Within the listing below, give again exactly the lines between the one containing "With a few pantry" and the one containing "Most of us probably", inclusive, pictures left aside.

▸ Data to process:
━━━━━━━━

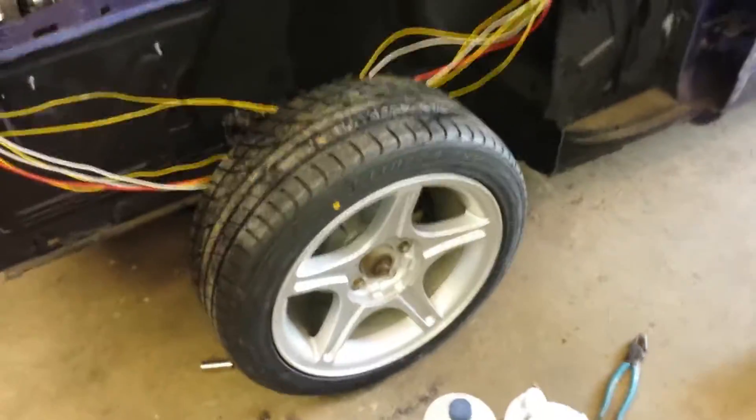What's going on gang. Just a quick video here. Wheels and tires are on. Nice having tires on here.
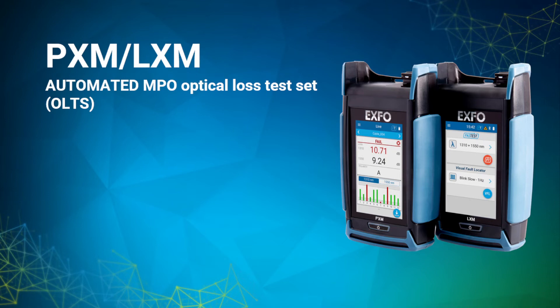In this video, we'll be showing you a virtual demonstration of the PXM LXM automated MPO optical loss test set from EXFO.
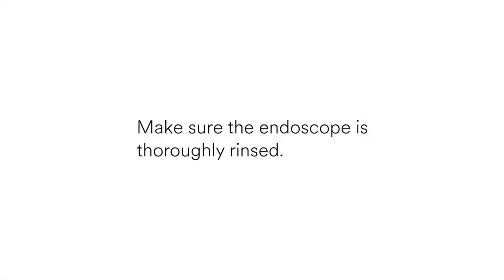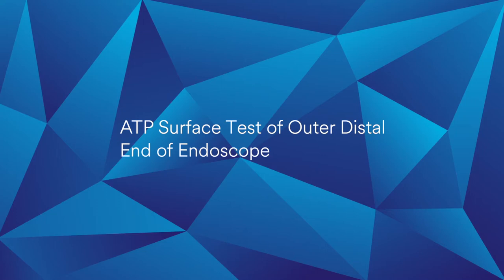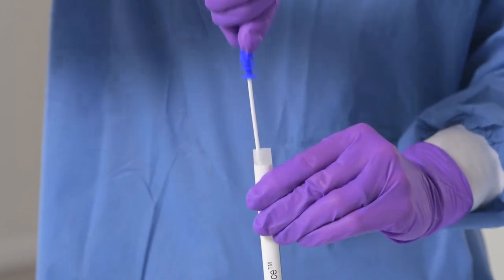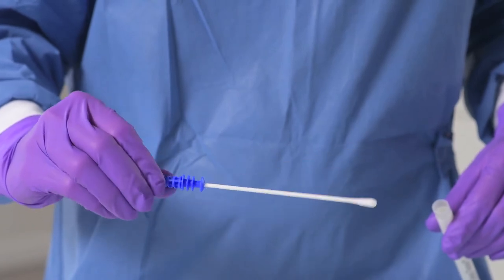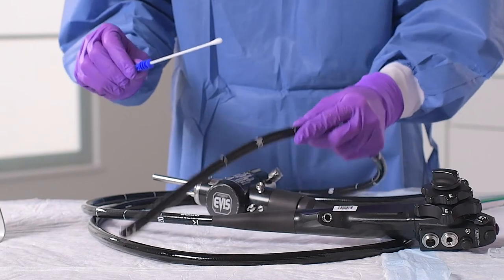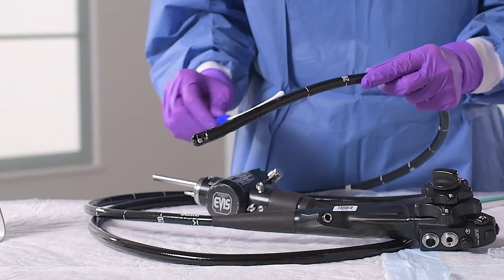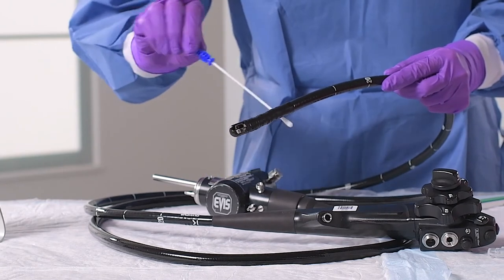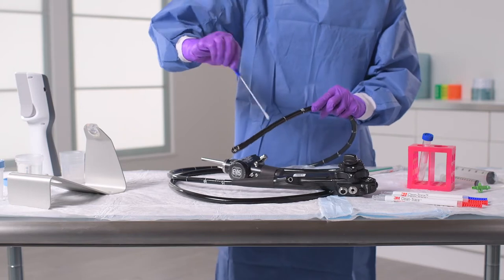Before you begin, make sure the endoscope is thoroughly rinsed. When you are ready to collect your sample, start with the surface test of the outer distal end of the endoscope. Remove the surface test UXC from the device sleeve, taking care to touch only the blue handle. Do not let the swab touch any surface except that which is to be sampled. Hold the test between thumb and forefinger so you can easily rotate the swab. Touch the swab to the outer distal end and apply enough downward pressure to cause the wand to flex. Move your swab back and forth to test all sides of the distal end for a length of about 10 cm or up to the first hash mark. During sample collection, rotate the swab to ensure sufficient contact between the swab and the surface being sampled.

━━━━━━━━

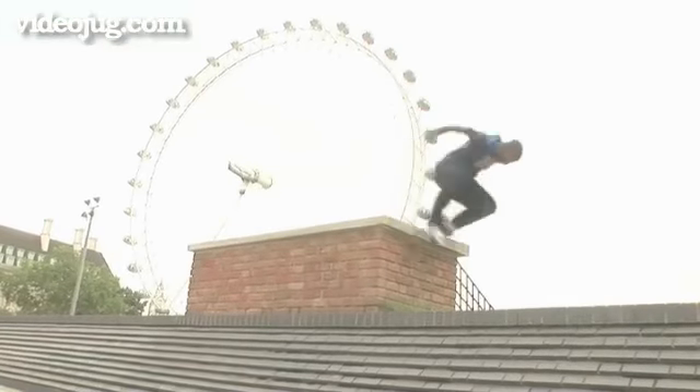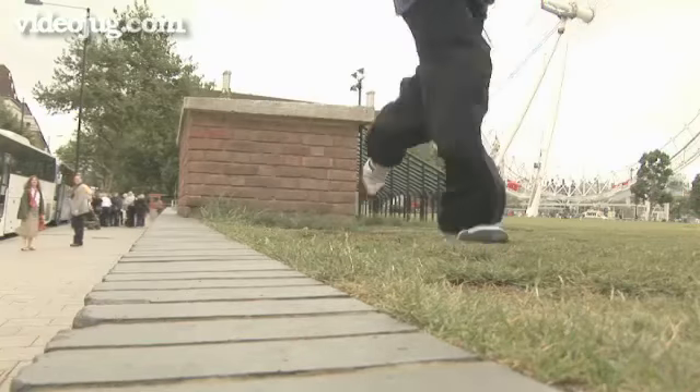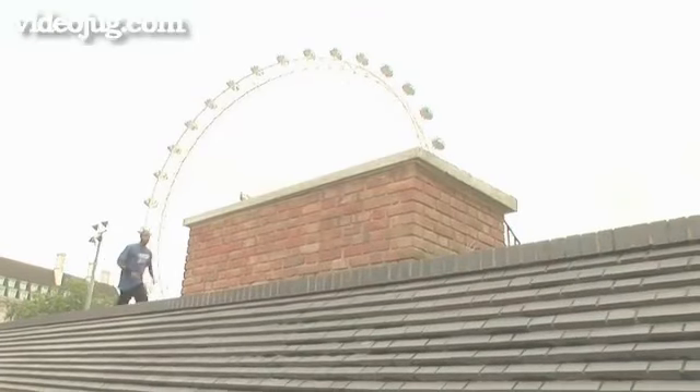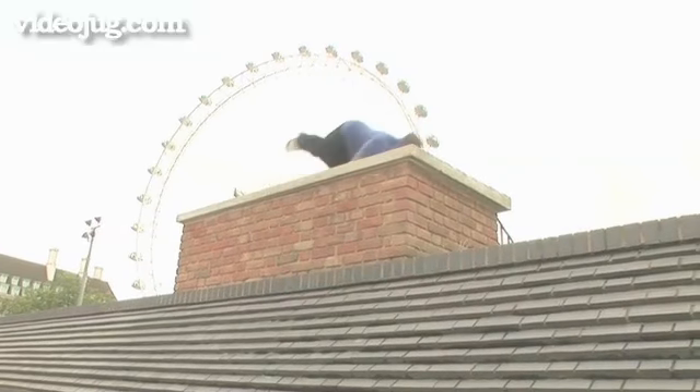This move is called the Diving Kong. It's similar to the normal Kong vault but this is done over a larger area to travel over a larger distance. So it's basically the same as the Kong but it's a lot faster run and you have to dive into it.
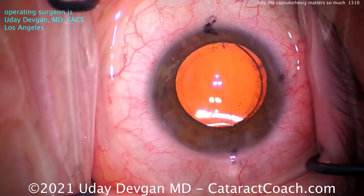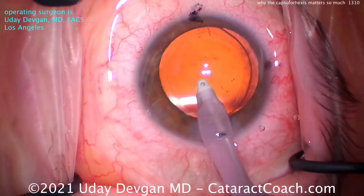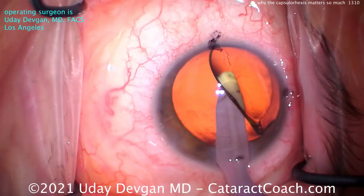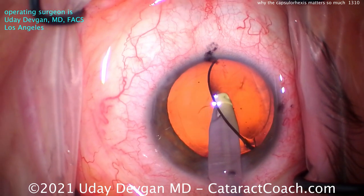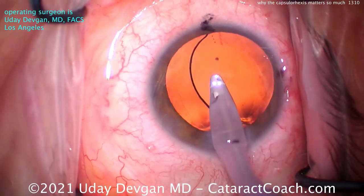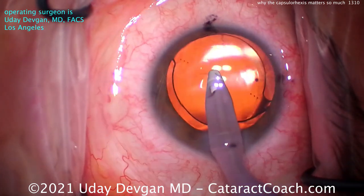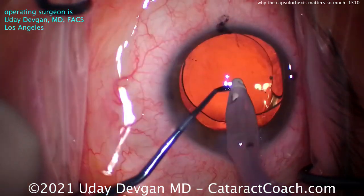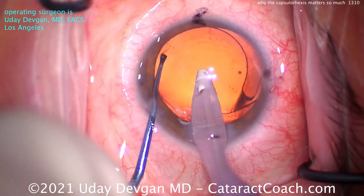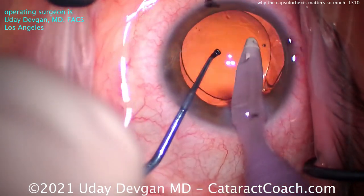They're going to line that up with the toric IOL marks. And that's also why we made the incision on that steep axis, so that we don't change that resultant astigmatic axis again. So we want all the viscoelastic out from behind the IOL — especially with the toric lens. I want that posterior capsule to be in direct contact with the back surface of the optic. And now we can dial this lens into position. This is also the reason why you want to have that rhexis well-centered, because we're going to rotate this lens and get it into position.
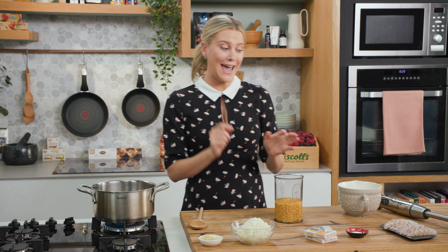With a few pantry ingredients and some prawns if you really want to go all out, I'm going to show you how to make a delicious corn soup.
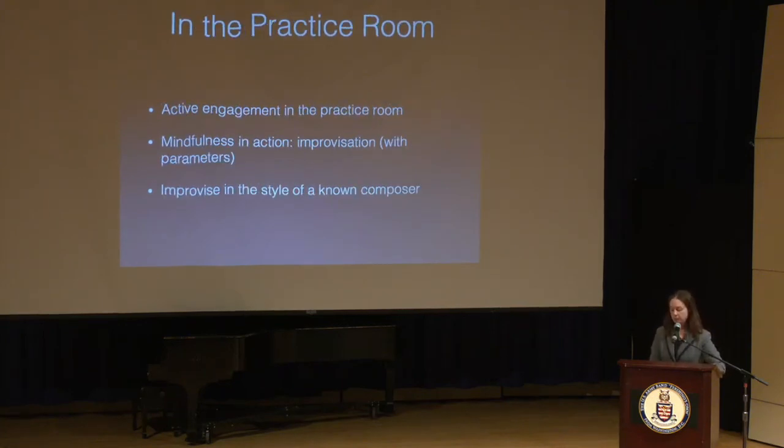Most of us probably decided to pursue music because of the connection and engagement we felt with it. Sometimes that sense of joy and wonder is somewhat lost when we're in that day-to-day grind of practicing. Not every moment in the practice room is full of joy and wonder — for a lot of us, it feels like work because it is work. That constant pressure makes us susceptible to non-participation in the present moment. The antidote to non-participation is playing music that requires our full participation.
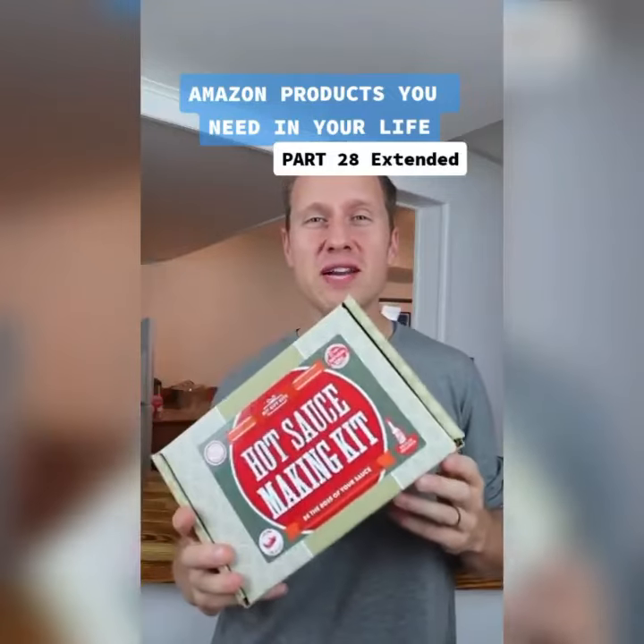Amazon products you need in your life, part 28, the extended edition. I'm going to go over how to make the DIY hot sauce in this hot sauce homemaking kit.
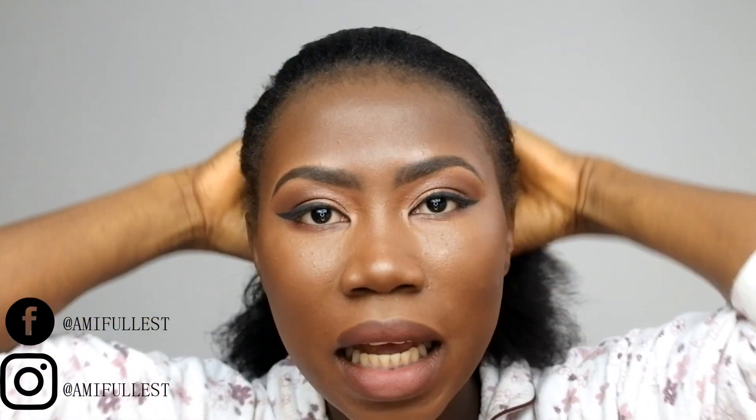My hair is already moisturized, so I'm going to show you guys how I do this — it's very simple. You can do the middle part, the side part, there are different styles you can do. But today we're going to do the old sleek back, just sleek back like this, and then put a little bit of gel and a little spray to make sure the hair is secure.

━━━━━━━━

▸ Reply to the exercise:
With a few pantry ingredients and some prawns if you really want to go all out, I'm going to show you how to make a delicious corn soup.
Most of us probably decided to pursue music because of the connection and engagement we felt with it. Sometimes that sense of joy and wonder is somewhat lost when we're in that day-to-day grind of practicing. Not every moment in the practice room is full of joy and wonder — for a lot of us, it feels like work because it is work. That constant pressure makes us susceptible to non-participation in the present moment. The antidote to non-participation is playing music that requires our full participation.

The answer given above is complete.